• Work task: Among the lines below, a stretch begins at the one with "Nashville, Tennessee, 37215, United" and ends at the one with "2022 KIA CARNIVAL EX". Repeat that stretch exactly, ends included.

• Records:
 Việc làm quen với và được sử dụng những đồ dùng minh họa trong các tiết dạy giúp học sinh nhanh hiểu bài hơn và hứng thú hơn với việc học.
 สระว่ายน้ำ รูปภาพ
* * *
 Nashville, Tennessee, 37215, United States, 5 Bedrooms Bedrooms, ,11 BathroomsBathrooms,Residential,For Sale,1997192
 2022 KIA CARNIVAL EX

• Completed exercise:
 Nashville, Tennessee, 37215, United States, 5 Bedrooms Bedrooms, ,11 BathroomsBathrooms,Residential,For Sale,1997192
 2022 KIA CARNIVAL EX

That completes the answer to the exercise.